In response to the use of force against largely peaceful protestors by Hong Kong police, who used tear gas, guns firing bean bags and rubber bullets, batons and pepper spray to disperse a demonstration against the extradition bill in central Hong Kong on Wednesday, Man-Kei Tam, Director of Amnesty International Hong Kong, commented:
“The ugly scenes of police using tear gas and pepper spray against overwhelmingly peaceful protesters is a violation of international law. Police have a duty to maintain public order, but in doing so they may use force only when strictly necessary. Hong Kong’s police have today failed to live up to this standard.
“The police have taken advantage of the violent acts of a small minority as a pretext to use excessive force against the vast majority of peaceful protesters.
“Tear gas and projectiles like rubber bullets are notoriously inaccurate and indiscriminate and can result in serious injury and even death. They should only ever be used in a targeted response to specific acts of violence and never to disperse peaceful protesters.
“This excessive response from police is fueling tensions and is likely to contribute to worsening violence, rather than end it. We urge the Hong Kong police not to repeat such abuses against peaceful protesters, and instead ensure people can legitimately exercise their rights. We also remind police that using force against protesters already brought under control is unlawful.”

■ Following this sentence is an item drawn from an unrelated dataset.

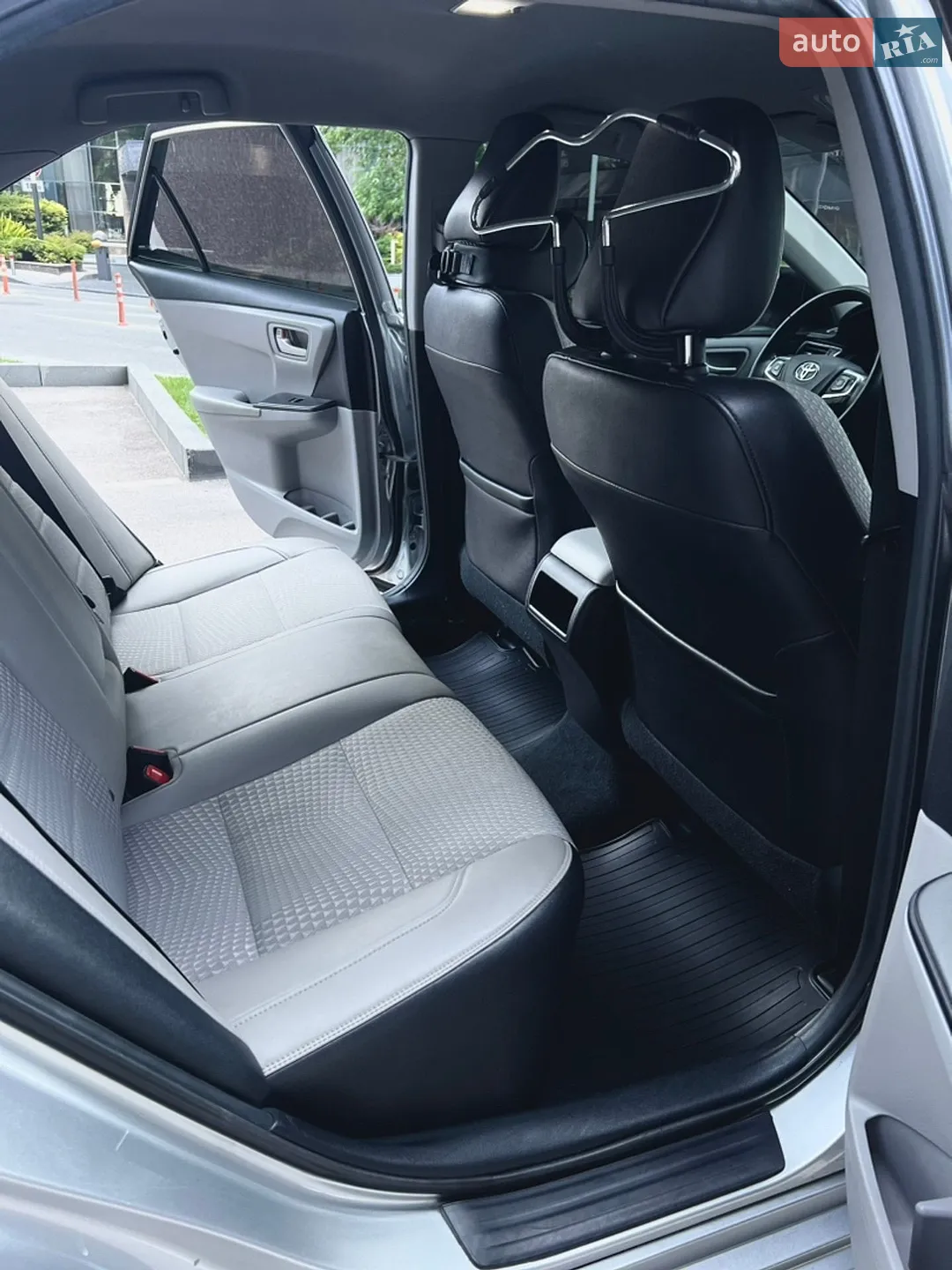 2015 Toyota Camry - мініатюра 26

On Wednesday, thousands of protesters in Hong Kong took over streets around the city’s government headquarters to demand that the Hong Kong government withdraw proposed amendments to the extradition law. Police started dispersing protesters in the afternoon, using tear gas and pepper spray, and in some instances guns firing bean bags and rubber bullets. Some protesters were taken away by police.
While the afternoon saw increasing clashes between front-line police and protesters in some locations, the tear gas deployed by police affected areas far beyond those skirmishes, where no violence had taken place at all. The impact was compounded by the fact that some escape routes had been blocked off by police, limiting opportunities for demonstrators to get out of harm’s way.
The proposed law changes to expand extradition arrangements would have the effect of enabling the handover of persons in the territory of Hong Kong to mainland China. If enacted, this law would extend the ability of the mainland authorities to target critics, human rights activists, journalists, NGO workers and anyone else in Hong Kong. Amnesty International Hong Kong joined more than 70 other NGOs in a joint letter to Hong Kong’s Chief Executive, Carrie Lam, calling for the proposed extradition law amendments to be dropped because they pose a direct threat to human rights.